A total of EUR 4.2 million was received in bequests and donations. On 30 September 2018, the foundation had a total of 845 donor funds.
At the turn of 2017–18, the global growth outlooks were positive. All economic zones were growing, the levels of trust were up, and the mood of the investment market was positive. February, however, saw a change when the global stock market experienced a correction. The main reasons behind this were the US Federal Reserve’s raising of interest rates, related to normalising the US fiscal policy, as well as the fear of inflation due to strong economic growth and record low unemployment rate. The economic growth also slowed down more than expected in China, and this stunted growth reflected not only in developing markets but also in Europe, which as an open and export-led economic zone is connected to the growth in China and global commerce. During spring, politics made a comeback on the market, as well. An impending trade war between China and the USA, the debt issues of Turkey and Argentina, and the budget plans of the Italian populist parties that won the elections were all seen as causes of concern.
With the raised interest rates, strong dollar, and solid economic growth, the US has become a safe haven for investors.

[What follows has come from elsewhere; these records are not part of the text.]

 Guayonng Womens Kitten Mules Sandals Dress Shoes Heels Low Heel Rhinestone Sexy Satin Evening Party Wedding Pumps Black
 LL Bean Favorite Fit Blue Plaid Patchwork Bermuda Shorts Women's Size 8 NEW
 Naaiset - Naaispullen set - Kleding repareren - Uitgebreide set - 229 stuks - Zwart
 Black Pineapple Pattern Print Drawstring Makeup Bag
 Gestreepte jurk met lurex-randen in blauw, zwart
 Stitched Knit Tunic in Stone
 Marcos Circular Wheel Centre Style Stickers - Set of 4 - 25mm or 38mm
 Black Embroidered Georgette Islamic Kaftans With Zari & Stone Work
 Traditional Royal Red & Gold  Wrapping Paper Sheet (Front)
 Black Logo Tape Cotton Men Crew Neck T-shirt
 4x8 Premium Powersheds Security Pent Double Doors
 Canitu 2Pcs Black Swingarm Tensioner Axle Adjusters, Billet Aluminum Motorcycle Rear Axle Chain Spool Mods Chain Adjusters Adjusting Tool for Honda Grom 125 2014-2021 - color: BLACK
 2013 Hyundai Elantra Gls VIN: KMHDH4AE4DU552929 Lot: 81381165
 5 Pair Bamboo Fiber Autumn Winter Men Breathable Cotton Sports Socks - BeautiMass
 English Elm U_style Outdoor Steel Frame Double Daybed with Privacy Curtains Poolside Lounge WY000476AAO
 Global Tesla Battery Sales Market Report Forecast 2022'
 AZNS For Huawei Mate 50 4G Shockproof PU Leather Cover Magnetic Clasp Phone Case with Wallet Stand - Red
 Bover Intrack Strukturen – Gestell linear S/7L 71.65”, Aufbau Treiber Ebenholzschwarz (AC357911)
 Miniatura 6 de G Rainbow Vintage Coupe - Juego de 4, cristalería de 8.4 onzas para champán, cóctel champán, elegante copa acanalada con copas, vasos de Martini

As the flow of investments has moved to the US markets, the stocks and currencies of developing countries have gone down considerably and risk premiums on the bond market have increased. The development of stock exchanges has been quiet also in Europe, although the stock valuation level is considerably more moderate than in the US. In the foreign exchange market, the euro has weakened against the dollar.
The return on the Cultural Foundation’s equity investments was negative at -3.1 per cent. The return on the benchmark index for the same period was 9.2 per cent.
The return on the Foundation’s fixed-income investments including money market investments was 0 per cent while the corresponding return on the benchmark index stood at -0.3 per cent. The return on other investments, mainly private equity funds, was 10.4 per cent. The return on the real estate investments stood at 13.8 per cent.
In addition to the prevailing legislation, the Finnish Cultural Foundation complies with the principles of responsibility and sustainability in its investment activities. The Foundation’s assets are distributed across different asset classes, and as a long-term investor it has good risk-bearing capacity and crisis tolerance. The Foundation’s ample cash reserves allow its budgeted cost development to endure a decrease in share prices even for longer periods of time, if need be.
As in previous years, the greatest uncertainties in investments are related to the development of the global economy and capital markets. The investment markets may experience rapid and even steep corrections, should any unforeseen negative factors come into play.